Sizzling Pan-Fried Steak
Pan-fry the steak in an oiled skillet over medium-high heat, turning once. Cook the steak for 10 to 12 minutes, or until the meat reaches the desired level of doneness. Pan-fried sizzler steak is tasty but it requires close attention to prevent overcooking and dry, tough meat. To be sure the steak is cooked to a safe temperature without overcooking, insert a meat thermometer into the side of the steak, with the probe in the center of the meat. If you prefer medium-rare, which is recommended for tender, juicy meat, cook the steak to 145 degrees Fahrenheit. If you want to cook the steak to medium, let the temperature rise to 160 F. Always let the steak rest for at least three minutes before serving.
Quick, Nutritious Stir-Fry With Vegetables
To stir-fry sizzler steak, cut the steak into thin, uniform, 1/8-inch strips. You can marinate the meat or sprinkle it with salt, pepper and your choice of additional seasonings such as garlic powder or cayenne.
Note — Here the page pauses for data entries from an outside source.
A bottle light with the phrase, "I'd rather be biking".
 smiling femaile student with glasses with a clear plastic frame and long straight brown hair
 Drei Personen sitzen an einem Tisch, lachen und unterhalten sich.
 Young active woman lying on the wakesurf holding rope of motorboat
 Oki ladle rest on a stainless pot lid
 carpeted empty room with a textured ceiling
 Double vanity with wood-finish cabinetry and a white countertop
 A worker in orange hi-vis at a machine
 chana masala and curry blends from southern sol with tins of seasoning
Heat a small amount of cooking oil in a wok or skillet, then stir-fry the strips over medium-high heat until the meat is no longer pink. Transfer the meat to a plate, then saute chopped vegetables such as onions, celery, carrots, pea pods, broccoli or zucchini. Return the steak to the pan and heat through with the vegetables, then serve.
Slow, Steady Cooking
Braising is an easy, low-effort cooking method that uses liquid to tenderize tough sizzler steak. Brown the steak in hot butter or oil, then add about 1/2 cup of liquid such as wine, broth or fruit juice. Turn the burner to low, then cover the pan and simmer the steak until the meat is fork tender. You can also transfer the browned meat to a Dutch oven, then braise it in an oven preheated to 300 F. Stewing is technique that tenderizes extremely tough steak. The process is the same as braising but uses more liquid -- enough to completely cover the meat. Be sure the pan is tightly covered to prevent steam from escaping.